Diffusion et formats
Le film a débarqué en salles en Inde le 6 février avant d’être rendu accessible en streaming. Sur Netflix, les spectateurs indiens peuvent choisir des pistes en langues locales, une décision qui augmente visiblement l’accessibilité du titre sur un marché clé pour les contenus animés.
Au cinéma, Scarlet a été projeté en version japonaise sous-titrée et dans plusieurs configurations techniques — dont IMAX, 2D ScreenX et 4DX — offrant une expérience sensorielle pensée pour le grand écran.
Itinéraire dans les festivals
Le film a d’abord été présenté lors du circuit des festivals internationaux, avec une première mondiale début septembre à la Mostra de Venise, suivie d’avant‑premières à Toronto et New York, puis d’une compétition à Los Angeles.
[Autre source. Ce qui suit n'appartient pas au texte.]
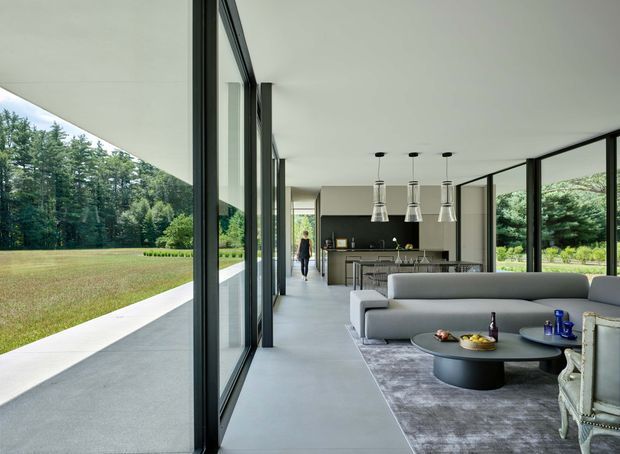 A spacious, contemporary open-plan living area with floor-to-ceiling black-framed glazing opening onto a landscaped lawn and tree-lined grounds. The room includes a grey sectional sofa, dark rounded coffee tables, a large area rug, pendant lights, and a dining area leading toward a sleek kitchen with dark cabinetry and a central island. The long, low form, expansive glazing, and restrained palette create a calm indoor-outdoor connection.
Cette tournée a contribué à installer le film dans le paysage critique avant sa sortie commerciale.
Une intrigue ancrée entre passé et présent
Signé par le réalisateur et auteur du scénario, Mamoru Hosoda, le film raconte l’histoire d’une princesse guerrière d’époque médiévale — Scarlet — qui part en quête de vengeance après la mort de son père. Blessée et plongée dans un monde intermédiaire entre la vie et la mort, elle rencontre un jeune infirmier contemporain dont la vision du futur va la pousser à reconsidérer la route qu’elle poursuit.
Le récit pose une question centrale: peut‑on briser la spirale de la haine et trouver une autre raison de vivre que la vengeance ? Hosoda dit avoir voulu créer une esthétique inédite, ni animation 2D classique ni « CGI à l’américaine », et évoque une adaptation libre d’un « classique mondial ». Il annonce un ton différent de ses précédents films, mêlant action et romance.
Production et distribution
La production est portée par le studio de Hosoda et le film bénéficie d’une distribution internationale. Au Japon, la sortie en salles est assurée par TOHO, tandis que la diffusion hors du Japon est confiée à Sony Pictures, qui a également participé au financement.
Distribution vocale — casting principal
La voix de la protagoniste est interprétée par Mana Ashida ; Masaki Okada prête sa voix au personnage moderne qui la prend en charge. La distribution comprend un grand nombre d’acteurs établis, dont plusieurs personnages portent des noms évoquant la tragédie de Shakespeare Hamlet.
- Mana Ashida — voix de Scarlet, la princesse combattante
- Masaki Okada — Hijiri, infirmier du présent
- Yutaka Matsushige — Cornelius, proche conseiller
- Kōtarō Yoshida — Voltemand, chef des chevaliers
- Kōji Yakusho — Claudius, instigateur de la conspiration
- Masachika Ichimura — Amulet, le père de Scarlet
- Yuki Saitō — Gertrude, figure maternelle liée à la conspiration
- Shōta Sometani — Guildenstern
- Munetaka Aoki — Rosencrantz
- Kazuhiro Yamaji — Polonius
- Tokio Emoto — Laertes
- Kayoko Shiraishi — une mystérieuse vieille femme
- Noa Shiroyama — une enfant rencontrée dans « la terre des morts »
- Mamoru Miyano & Kenjirō Tsuda — duo de fossoyeurs dans un rêve
- Toshio Furukawa — un aubergiste
Plusieurs de ces appellations rappellent volontairement des figures shakespeariennes, un choix qui dialogue avec la thématique de la vengeance et des héritages tragiques.
Musique et chansons
La bande originale comprend une chanson thème interprétée par Mana Ashida, intitulée « Hateshi naki » (Sans limites), dont les paroles sont signées par Hosoda. D’autres morceaux, comme « Shukusai no Uta » (Chanson du festival), sont interprétés par Maya et Ayumu Matsuda du groupe Rikon Densetsu.
Pourquoi cela compte aujourd’hui ? La présence simultanée du film en salles — dans des formats premium — et sur une plateforme mondiale avec doublages régionaux illustre la stratégie actuelle de diffusion des grandes productions animées : mêler circuits festivaliers, exploitation cinéma haut de gamme et accessibilité streaming pour toucher des publics très différents.